Vous devez commencer à connaitre ce gars-là, un suédois plutôt grand, dans la droite lignée folk de Bob Dylan (voix nasillarde comprise) dont les deux premiers albums (2008 puis 2010) figurent déjà dans la collection de l'amateur de musique traditionnelle américaine qui se respecte.

Avec cet EP, Kristian Matsson n'apporte rien de nouveau. Cinq chansons, dont quelques unes sont plutôt pas mal (Like the wheel, Tangle in this trampled Wheat) mais pas vraiment de pas en avant, ni pour nous chanter la politique de son pays d'origine ni non plus pour nous détailler les malheurs de notre Monde. Pas un mot (car il s'agit ici de mots, pas de musique, les arrangements entourant la guitare et la voix de Matsson étant inexistants) sur quoi que ce soit d'autre que les quelques aventures du plus grand mec sur la Terre, qui cette fois-ci n'est pas allé faire la bamboula à Barcelona, que nenni. Contrairement à Dylan, qui avec chaque album se faisait prophète d'une génération, voix de son temps, Matsson se contente de chanter ses petits problèmes et ses petites joies. Il n'appartient qu'à lui de me démontrer le contraire avec son prochain disque, mais après deux LPs et deux Eps consacrés à sa petite personne, aisément universalisable certes, j'ai acquis la conviction que Tallest Man On Earth n'était qu'un chanteur de blues, comprenez un petite gens muni d'une guitare, un chroniqueur du quotidien... c'est à dire tout l'inverse d'un porte-étendard.

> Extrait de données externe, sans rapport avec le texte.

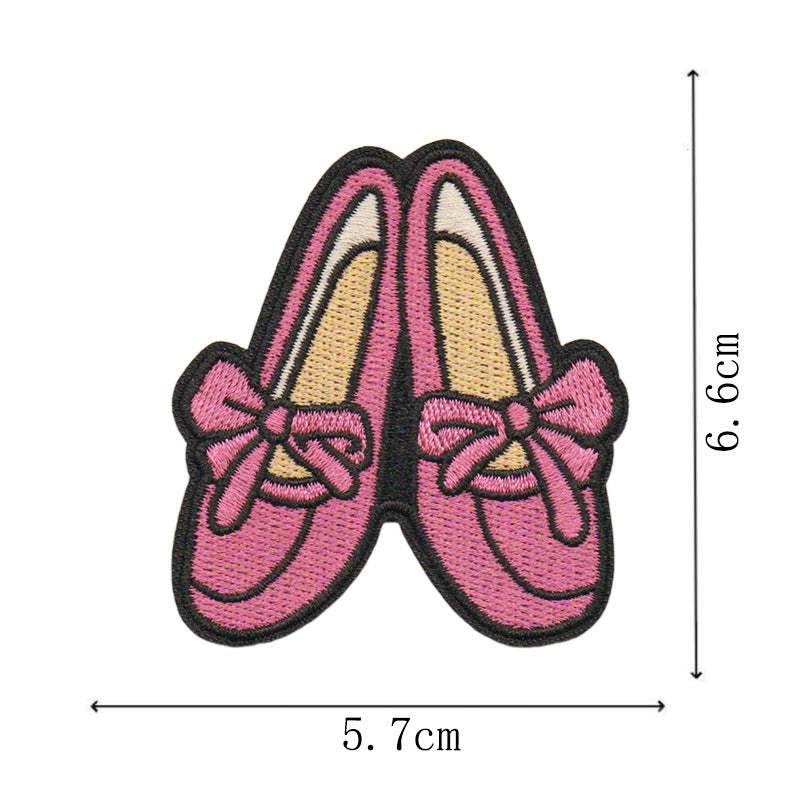 Wholesale Cartoon Pink Embroidered Patch With Heating Glue Backing DIY Fashion Accessory For Bags Clothes Shoes Towels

(Tangle in this trampled Wheat)

Peu importe me diront ses amateurs, et après tout, ses chansonnettes, il les joue plutôt bien, et on aime les écouter, alors pourquoi pas ? Disons que l'on risque de finir par s'en lasser à la longue, mais cette fois encore, laissons-le nous divertir et rien d'autre.






Joe Gonzalez

1 commentaire:

  1. C'est une tof de mon trou-de-balle la pochette de The War on Drugs ? On dirait. Parce que pour être plus exact, dans mon trou-de-balle, c'est plutôt The War tout court en ce moment. Une guerre sale au gaz moutarde avec tranchée unique.